It was on the tip of my tongue to say something nasty that I hadn’t been upset like this before seeing him so I didn’t know how him staying around would help. That thought made me mentally flinch.

Since when was I so vicious and wanted to hurt other people like that when I hurt?

I snapped back to what was going on when he stopped in front of me.

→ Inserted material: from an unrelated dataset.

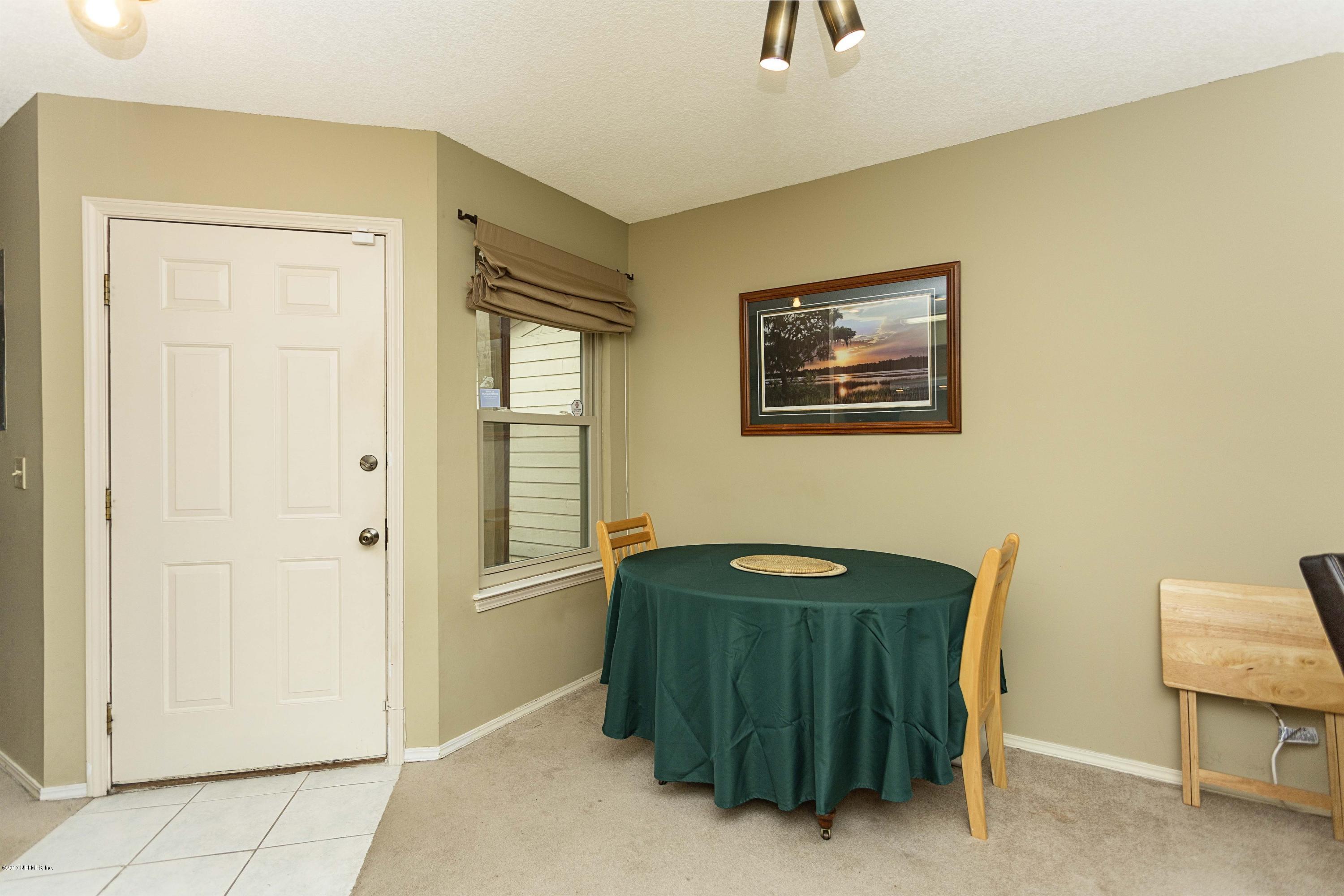 4775 Barnes Road South Jacksonville, FL 32207 - Photo 3 of 19 a view of a hallway with workspace and a window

“I’m sorry,” he said again. “I’m really sorry that I hurt you. You believe me that I didn’t mean it how it came out, right?”

“Yeah.”

He let out a shuddering breath. “No, you don’t. You said that so I’ll leave. Don’t lie to me, Bev.”

I met his gaze and blinked back tears. “Then don’t make me feel like I’m not safe enough to be honest with you or it won’t be used against me.”

He swallowed loudly and I saw tears fill his eyes as well. “That’s not what I meant to do, sweetie. I’m sorry.” He closed his mouth but then opened it again. He didn’t say anything and ripped open the door instead.

I felt better after he left even if I felt bad for taking that shot at him. That probably wasn’t fair.

But to have him throw all of this in my face—or even feel like he did—when I was in this position because I’d saved his brother was… Fucked.

I wasn’t sure there was another way to put it besides fucked.

Though I did agree with him that I needed to talk about what happened. Even what just happened right now with him.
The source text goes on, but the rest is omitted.